Le verbe bara  signifie créer en parlant de Dieu. Autrement dit, il n’admet pas d’autre sujet que Dieu dans toute la Bible. Ce qui signifie que l’homme ne crée pas, il n’est jamais sujet du verbe (d’autres verbes sont utilisés pour désigner l’action de l’homme). Par conséquent, créer reste toujours un mystère réservé à Dieu, l’homme ne sait pas ce que c’est que créer. Par ailleurs, la conjugaison hébreuse ne connaît pas de temps au sens de la conjugaison française, elle indique simplement que l’action du verbe est accomplie ou inaccomplie, que ce soit dans le présent, le passé ou le futur.
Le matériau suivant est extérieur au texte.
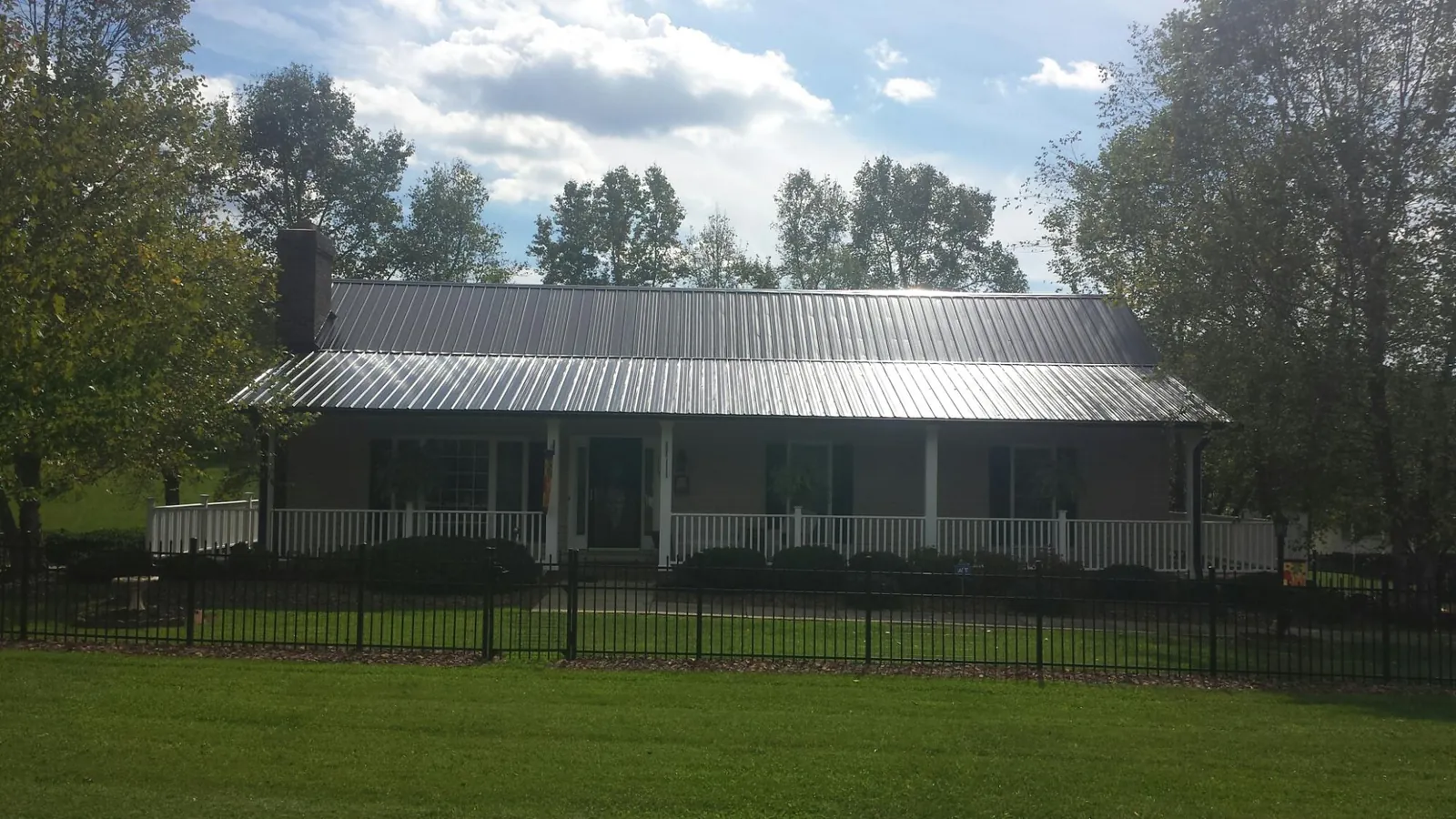 Gray metal roof on a brick ranch with a full width front porch — Gutter Guard Installation work by our crew in Kyles Ford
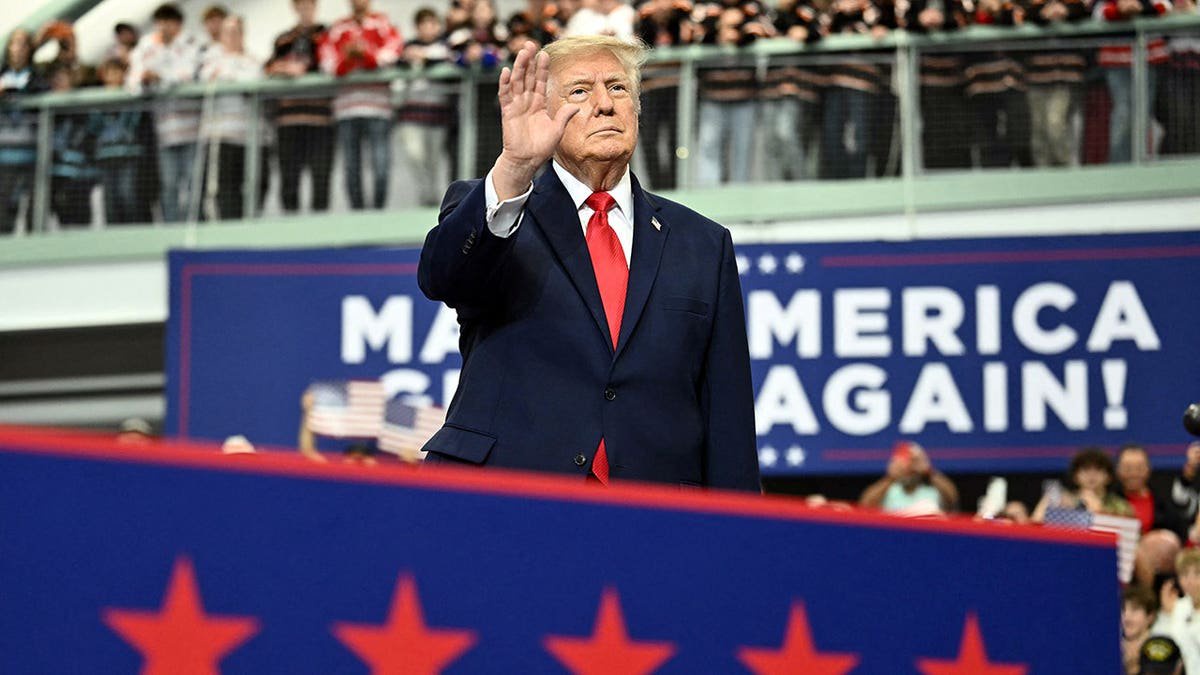 Trump signs pardons for Alaska diesel mechanics onstage during rally touting major energy deals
Dans ce cas, l’action est accomplie, c’est-à-dire définitive, établie et sûre. La traduction française est donc «il crée, il a créé, il créa». Enfin, le verbe est à la troisième personne du masculin singulier, alors que son sujet est à la troisième personne du masculin  pluriel.

Le sujet de la phrase, Elohim est le masculin pluriel (pluriel de majesté ?) d’El, nom du Dieu sémite. Il désigne Dieu dans son aspect relationnel et immanent, à l’inverse du tétragramme YHVH qui désigne la  transcendance de Dieu, son incommunicabilité. Le Dieu créateur est ainsi un Dieu de communication, qui recherche le rapport avec sa créature. Ou encore, Dieu crée pour être en relation.

Ce Dieu crée les cieux. Le mot hébreu chamaim est un masculin pluriel (il n’existe pas au singulier). Il désigne le séjour de Dieu et du monde du sacré. Il y a donc une séparation entre le monde sacré et le monde profane.

Il crée aussi la terre. Le mot féminin singulier érets signifie terre, pays, terroir, et doit être distingué de adamah, qui signifie sol, glèbe (qui est l’origine du nom Adam). Il désigne donc la terre pour être habitée. Dieu crée donc une terre habitable, et son souhait est qu’elle soit habitée par l’homme, à qui il en confiera la maîtrise.     

[2] Et Dieu d’ajouter aussitôt «Je veux lui faire une aide qui lui soit en vis-à-vis» (Gn 2,18). Dieu place ainsi l’homme et la femme en vis-à-vis, autrement dit sur un plan d’égalité en importance et en dignité. La création de la femme à partir d’une côte de l’homme est, dans le texte hébreu, un jeu de mots qui les met tous deux en côte à côte.

[3] L’homme appela sa femme du nom d’Eve – c’est-à-dire la Vivante – car c’est elle qui a été la mère de tout vivant (Gn 3,20). Le nom d’Eve (haw-wa) est rattaché à la vie (hayya).

[4] Aussi l’homme laisse-t-il son père et sa mère pour s’attacher à sa femme, et ils deviennent une seule chair (Gn 2,24). La phrase donne les critères de réalisation d’un mariage par trois verbes d’action : laisser (ou quitter), s’attacher et devenir. Sans eux, il n’est pas possible de se projeter en couple dans un avenir. Quand l’un d’eux manque, l’union est bancale.